The hygiene industry has received a shot in the arm with the recent pandemic. With emptying retail shelves, small business is also coming to the aid with innovative sanitizing ideas.
Retail stores in Johannesburg, as in most urban centers in the world currently, have run out of wet wipes and hand-sanitizers – the widely-recommended weapons to keep the coronavirus at bay.
With the first confirmed case of Covid-19 in South Africa’s KwaZulu-Natal province on March 5, the pandemic has brought the country to high alert and a state of national disaster proclaimed by President Cyril Ramaphosa merely two weeks later, with 116 confirmed cases and counting (at the time of going to press).
Where there was plenty before news of the outbreak, exasperated customers are seeing ‘Out Of Stock or ‘Sold Out’’ signs in bold red letters on hand-sanitizer shelves at retail outlets and pharmacies.

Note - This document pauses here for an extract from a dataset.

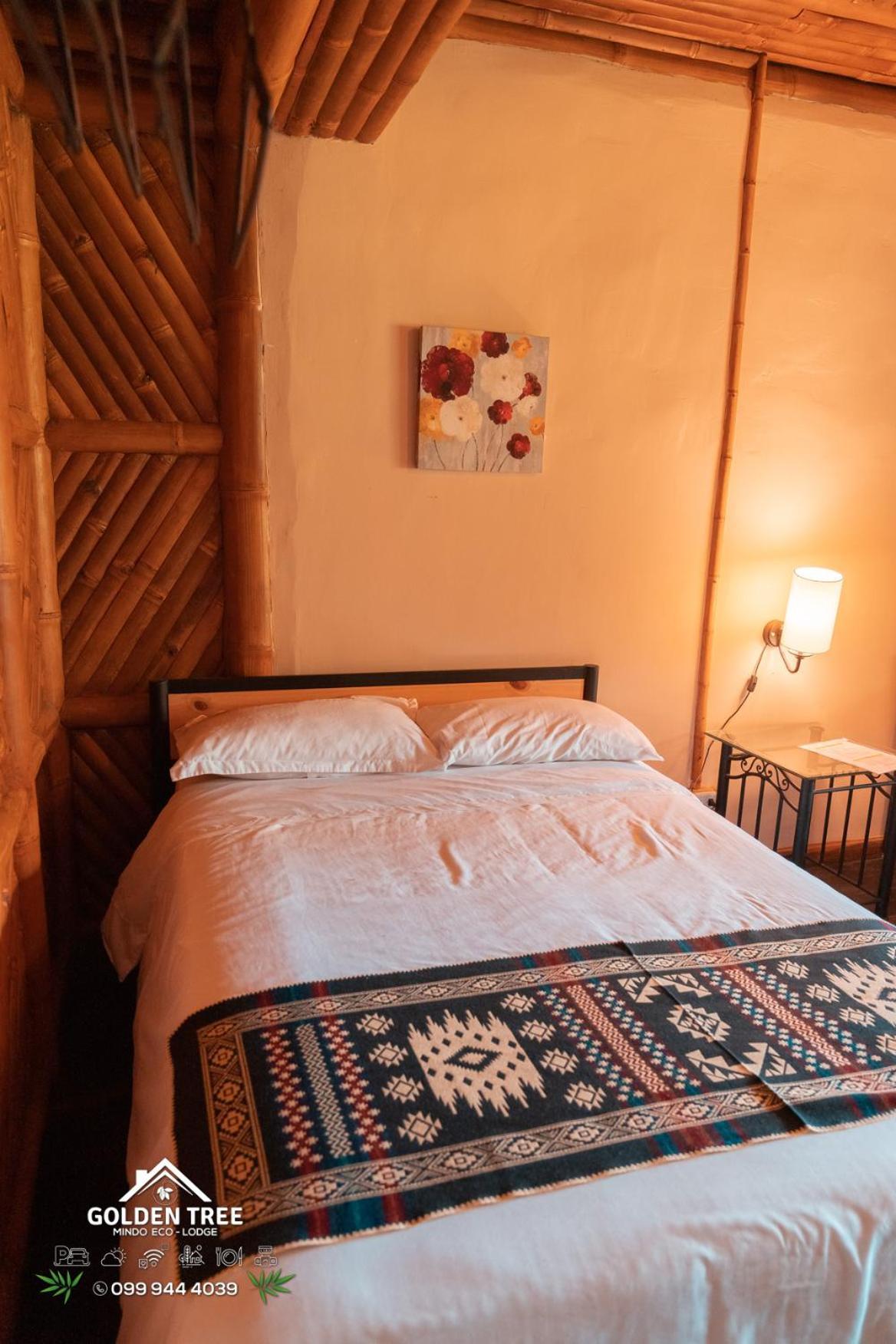 Golden Tree Mindo Eco-Lodge Екстер'єр фото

There is a long waiting list at dispensaries such as Clicks in Johannesburg.
At a store at The Marc, a fairly new retail mall in Sandton, Africa’s richest square mile, the manager echoes the sentiments of his counterparts in other malls in the area: “Three weeks ago, we were fully stocked, now, we are out of stock. This happened the week of the first coronavirus report in KwaZulu-Natal, when we had foreign nationals who bought hand-sanitizers more than the [locals] because of the [five-star] hotels in the area.”
About 21kms from Sandton in Roodepoort, another city in Johannesburg, Khensani Moleko, a 27-year-old account manager in the advertising industry, says she mall-hopped a whole weekend in search of hand-sanitizers.

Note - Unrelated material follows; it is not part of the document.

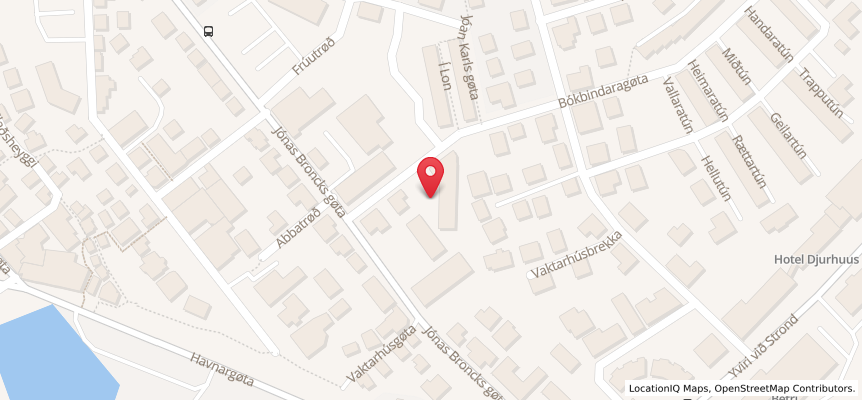 Louisa Lamhauge map location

“We went to multiple shops in the Roodepoort area and found nothing. However, we had sanitizers before the outbreak so we still have some left but it’s running out. I’ll be looking online,” says Moleko.
This is what consumers like Mufhenyi Mashaba, a Johannesburg-based interior designer, are doing too.
“On the websites, all sanitizers were out of stock, and they are usually priced between R20 and R30. When I checked the next day, people were auctioning hand-sanitizers [at ridiculous prices]. So now, I’m sitting here with no wipes and no sanitizers. I’m relying on personal hygiene and making sure I’m aware of my surroundings and that people have their hygiene in check,” says Mashaba.
This is also an opportunity for private business and small entrepreneurs such as Ludwick Marishane, founder of Headbody Industries and inventor of DryBath Gel, an innovative gel that can be used as a water-less body wash.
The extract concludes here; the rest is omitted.